Roma Femminile, Pipitone: "Mi piacerebbe allenare in futuro. Abbiati il mio portiere preferito, i tifosi giallorossi danno una forza incredibile". VIDEO!

11.05.2020 11:47 di Gabriele Chiocchio Twitter:    Vedi letture
Roma Femminile, Pipitone: "Mi piacerebbe allenare in futuro. Abbiati il mio portiere preferito, i tifosi giallorossi danno una forza incredibile". VIDEO!

È Rosalia Pipitone, portiere della Roma Femminile, la protagonista dell'appuntamento di oggi di Women's Weekly. Ecco le sue parole.

Come stai?
"È stata dura, un periodo difficile, anche se quest'ultima settimana abbiamo avuto una boccata d'aria fresca. Purtroppo è successo, nessuno avrebbe mai potuto prevedere una cosa del genere, ma la fase 2 ci da un po' di prospettive positive".

Hai sempre giocato in porta?
"No, sono nata attaccante, mi piaceva anche. In porta ci sono finita per caso, durante una partita primavera sono finita in porta perché si fece male il portiere, fu in quell’occasione che il mister di prima squadra mi disse che sarebbe stato il caso di allenarmi in porta. Da lì non sono più uscita. ".

Ti ispiri a qualche portiere?
"Ovviamente Buffon, è un esempio per tutti, ma anche Abbiati, che è uno dei miei portieri preferiti. Quando subentrò a Rossi perché si fece male mi piacque subito, avevo i suoi poster e guardavo tutte le sue partite".

Il Tre Fontane?
"È meraviglioso, senti il calore dei tifosi, dellla maglia e di questa città. Ti da una forza incredibile, trasmette una passione immensa, è qualcosa di inspiegabile".

Come ti ha cambiata il calcio?
"Al calcio ho dedicato venti anni della mia vita, mi ha formata, mi ha reso una donna migliore. Non sarei quella che sono oggi senza calcio".

Il mondiale?
"La ciliegina sulla torta della mia carriera. La realizzazione di ogni fatica, del mio sogno più grande, che avevo sin da bambina. Mi ha fatto capire che nella vita puoi ottenere qualcosa in cui credi fortemente".

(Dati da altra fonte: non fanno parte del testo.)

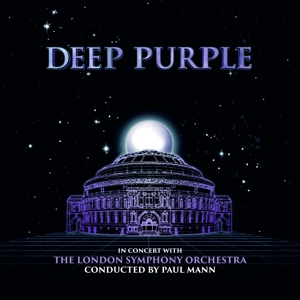 DEEP PURPLE & ORCHESTRA-LIVE AT THE ROYAL ALBERT HALL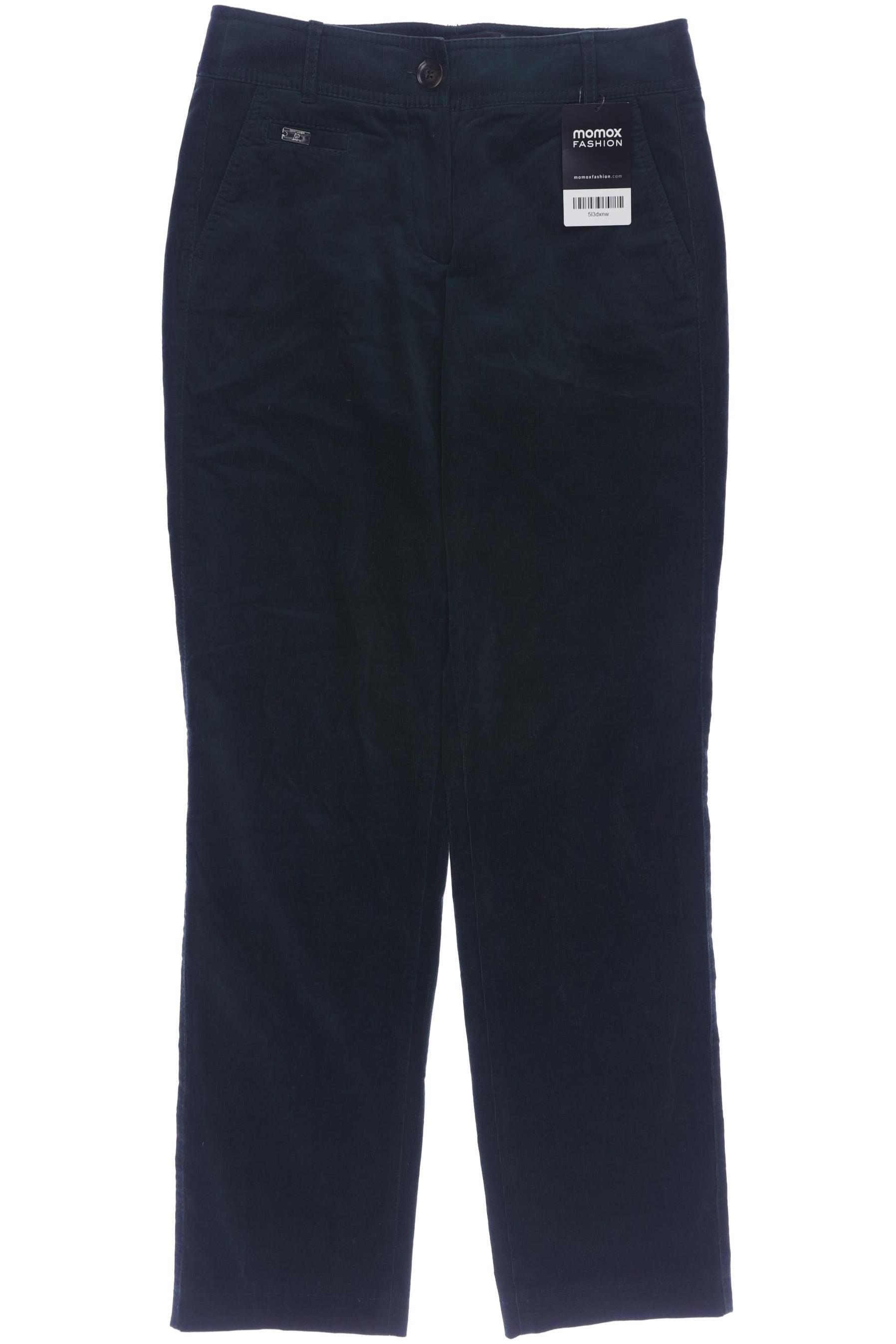 

Gerry Weber Damen Stoffhose, grün, Gr. 36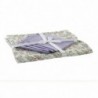Nappe et serviettes de table DKD Home Decor Coton Blanc Vert (150 x 150 x 0.5 cm) (36 x 35 x 0,5 cm) - Article pour la maison à prix de gros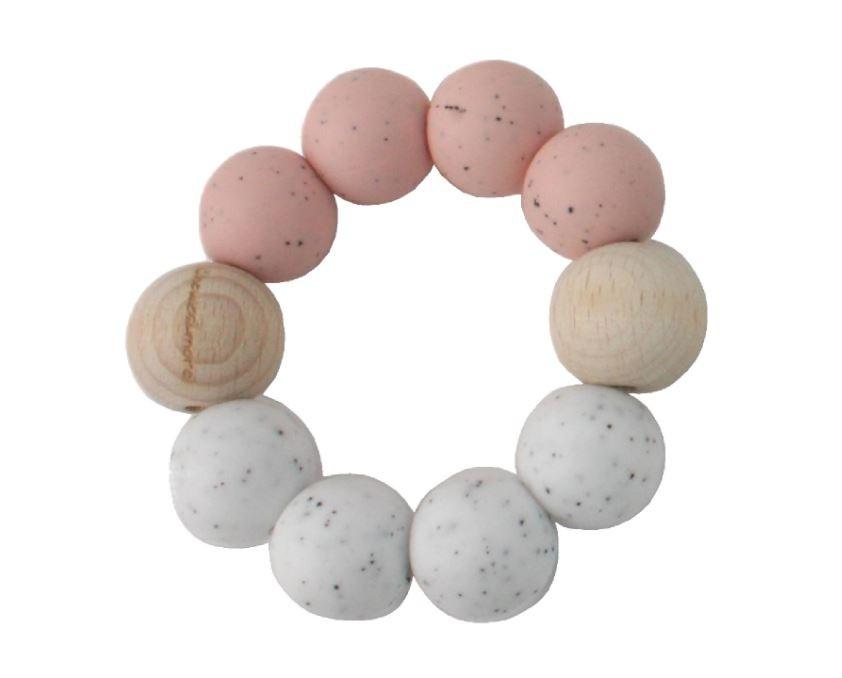 Chewies & More - Basic chewie pale pink/rose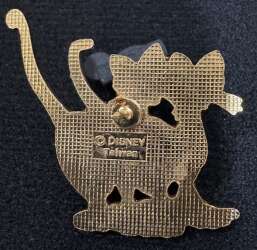 'Lady and the Tramp 40th Anniversary Commemorative Tin - Si and Am - DSUS'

Domanda di Bonfantini: "Quanto è bello giocare con tante ragazze giovani?"
"Mi mantengono giovane, siccome sono abbastanza competitiva, come il nostro capitano Elisa Bartoli, cerco di dare più di quello che potrei dare alla mia età".

Ti piacerebbe allenare in futuro?
"Si, uno dei miei sogni sarebbe poter allenare un giorno. Aiuto molto le mie compagne, non riesco a non dare consigli, spesso parlo anche troppo. Molte mi chiamano mamma, penso che la mia indole sia quella di aiutare le compagne, sia dentro che fuori dal campo".

Le iniziative della Roma in questo periodo?
"La Roma si è distinta nel sociale, grazie alla campagna Assieme ha aiutato molte persone in difficoltà, con iniziative bellissime come la consegna di box agli anziani o le uova di Pasqua regalate ai bambini o ancora la raccolta fondi per gli ospedali. Ha dimostrato di essere più di una squadra di calcio".